─── Dataset content

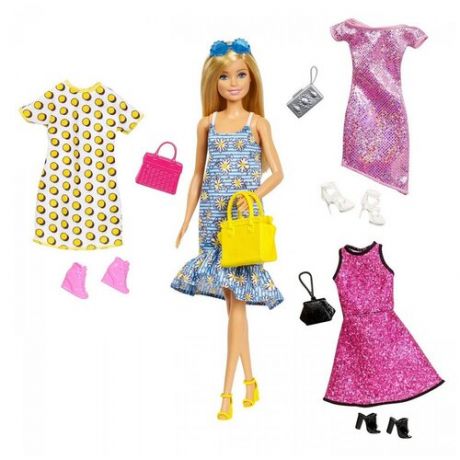 Barbie Кукла Barbie Мода с аксессуарами GDJ40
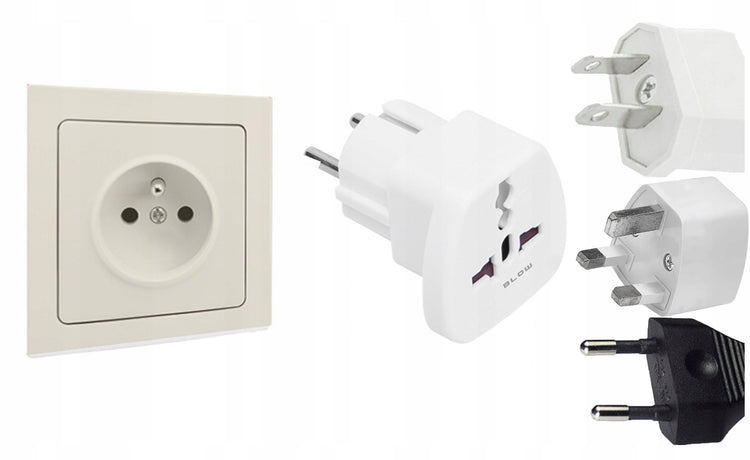 Kelioninis adapteris „Blow 72-304“ iš UK / US kištuko į EU lizdą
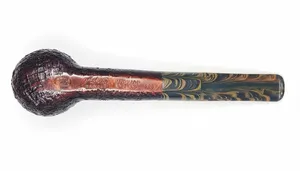 New Ashton Brindle XX Handmade Marble Effect Mouthpiece Smoking Pipe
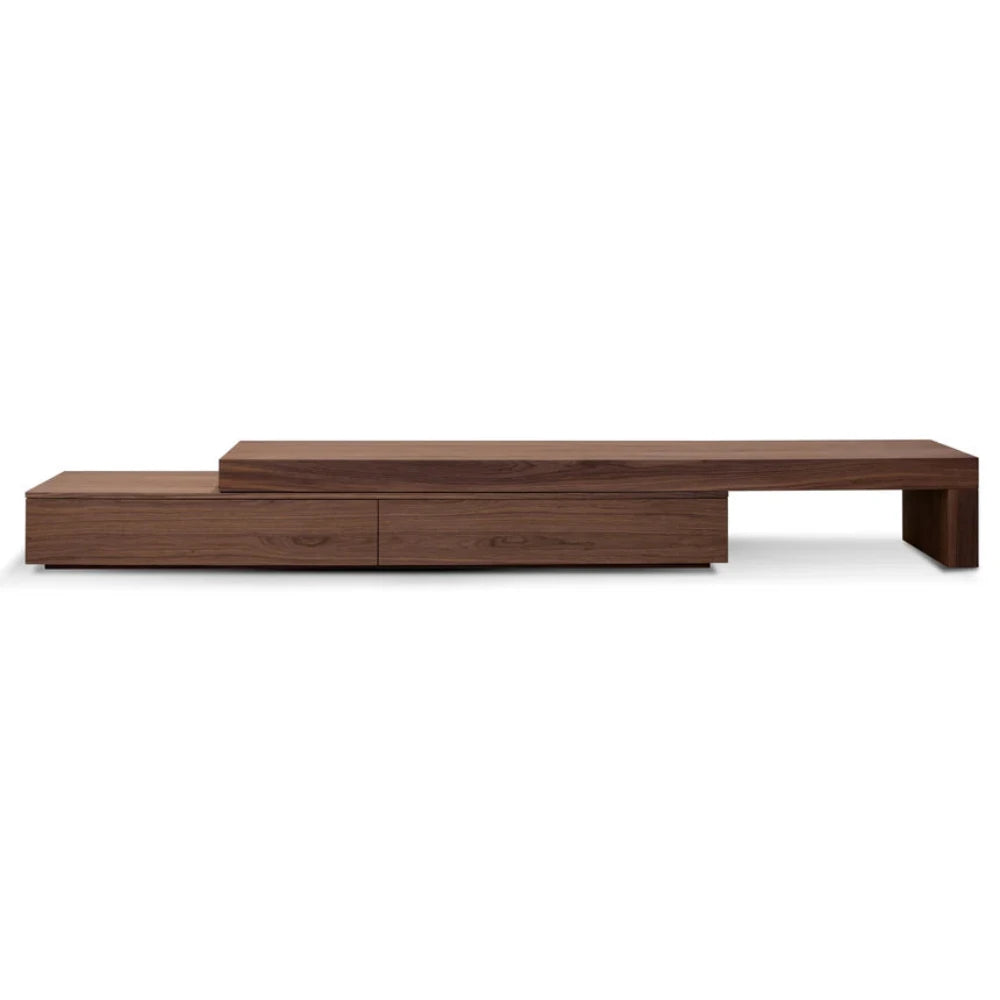 Krylok Extendable Entertainment TV Unit - Walnut-houseofhyne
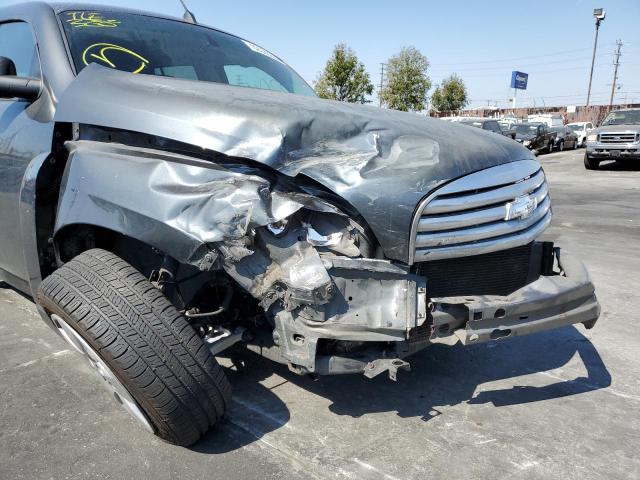 3GNBAAFW8BS594847 - 2011 CHEVROLET HHR LS GRAY photo 9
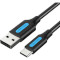 Кабель VENTION 3A Quick Charge USB-A to Type-C 2м Black (COKBH)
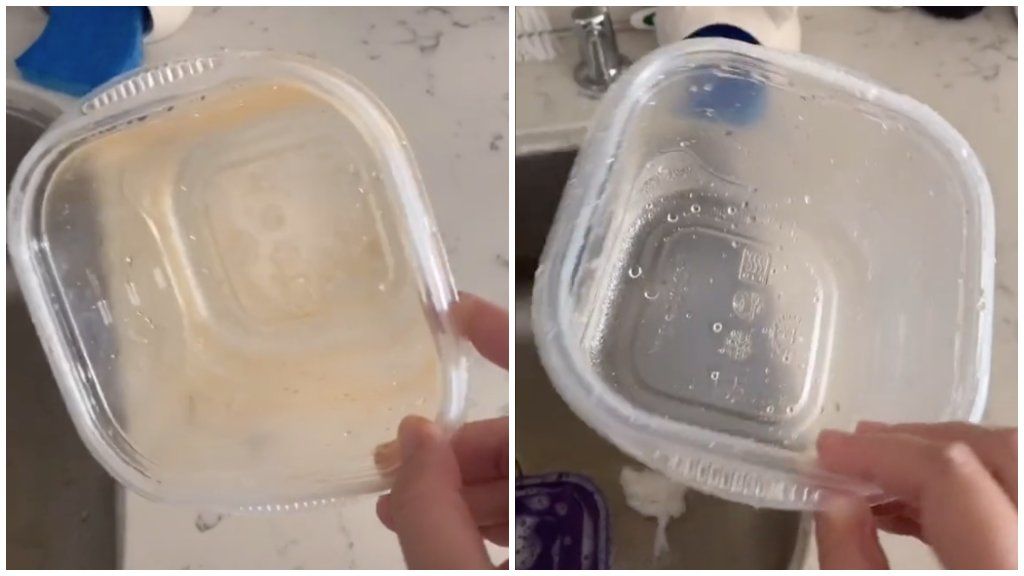 Műanyag edények elmosogatása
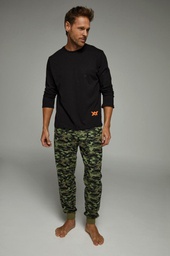 [XY8023] LIQUIDACION ! - INV. PIJAMA CAMUFLAJE REMERA LISA Y PANTALON ESTAMPADO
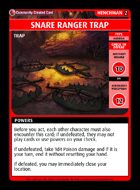 Snare Ranger Trap - Custom Card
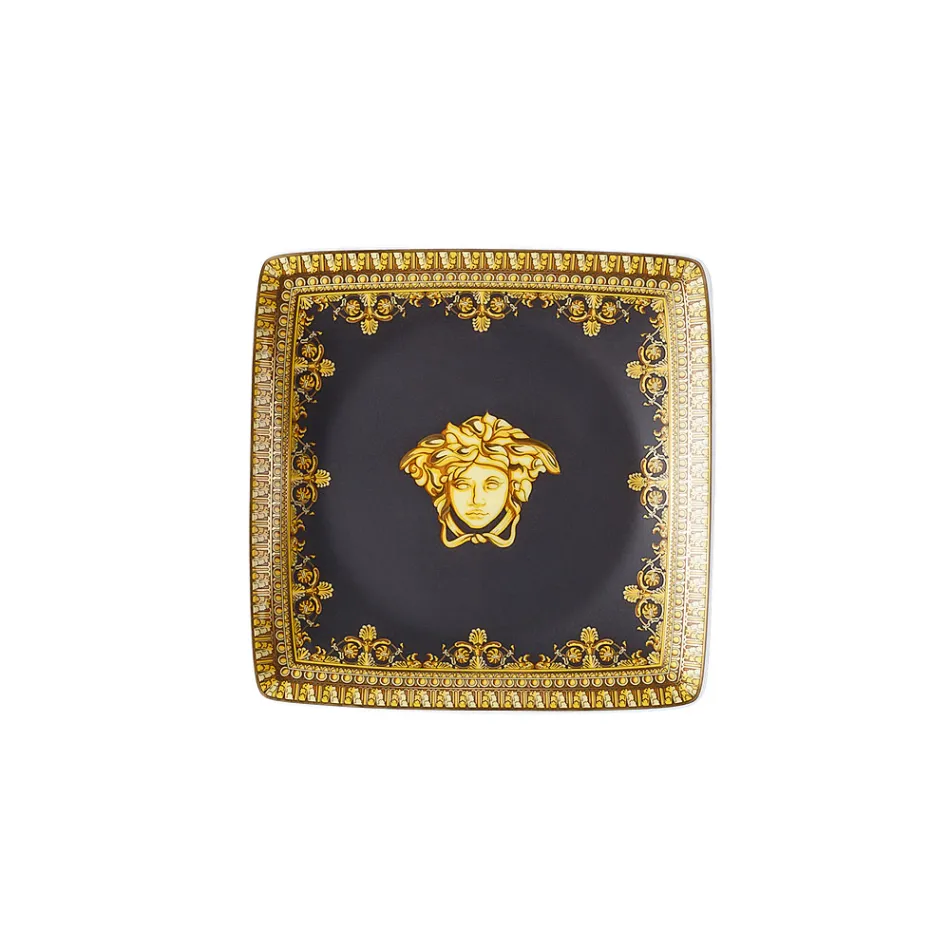 Rosenthal Versace I Love Baroque 6 Flat Square Porcelain Bowls - Baroque Viadurini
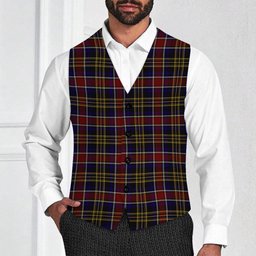 ScotsTee Shop Scottish Ruxton Tartan Waistcoat Sleeveless Suit Vest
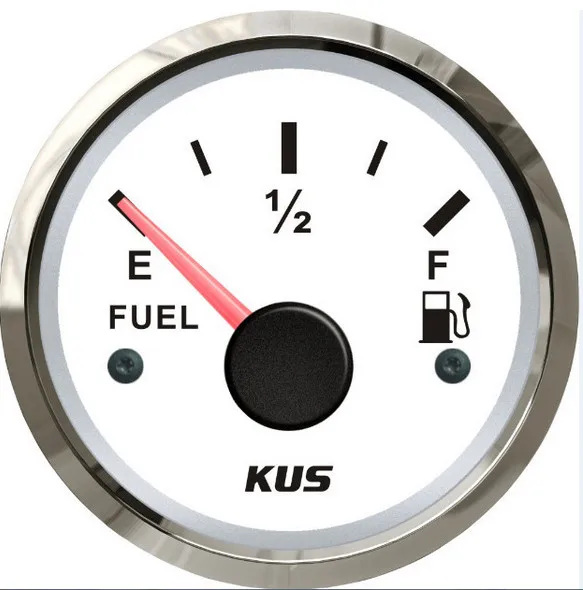 KUS 52 мм датчик уровня топлива датчик топливного бака 240-33 Ом сигнал белая Лицевая панель для лодки яхты универсальный автомобильный Грузовик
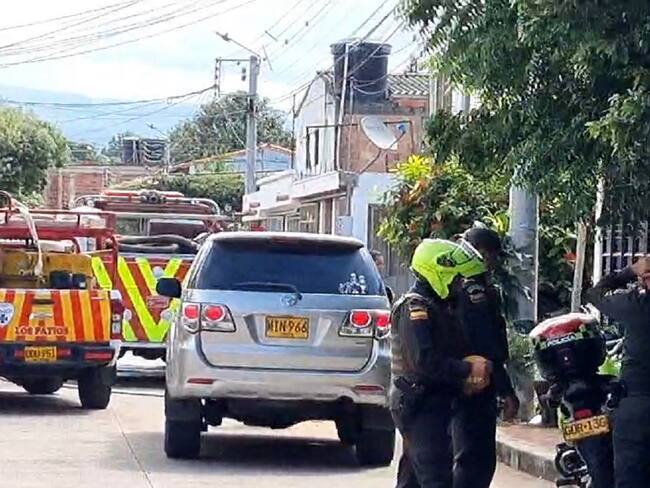 Incendio de una vivienda en Norte de Santander. Foto: Cortesía - Sergio Arévalo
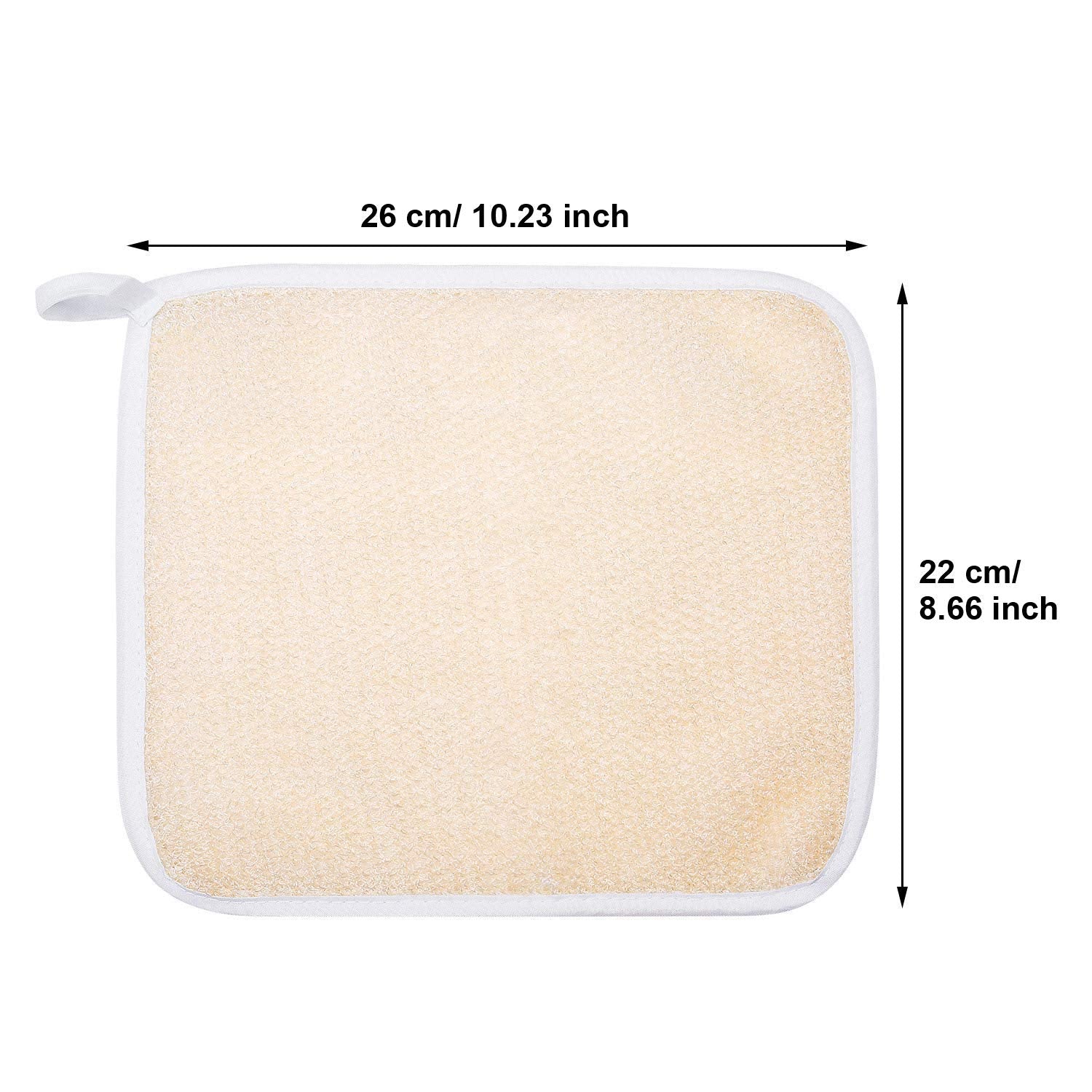 Tatuo 15 Packs Exfoliating Wash Cloths Face Body, Dual Sided, White Edge - Tatuo Official Product View 3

──────

What needs to be done: Begin with the line that has "KUS 52 мм датчик" and continue to the last line of the entries, printing each line exactly and nothing else; include both ends and skip the pictures.

Reply:
 KUS 52 мм датчик уровня топлива датчик топливного бака 240-33 Ом сигнал белая Лицевая панель для лодки яхты универсальный автомобильный Грузовик
 Incendio de una vivienda en Norte de Santander. Foto: Cortesía - Sergio Arévalo
 Tatuo 15 Packs Exfoliating Wash Cloths Face Body, Dual Sided, White Edge - Tatuo Official Product View 3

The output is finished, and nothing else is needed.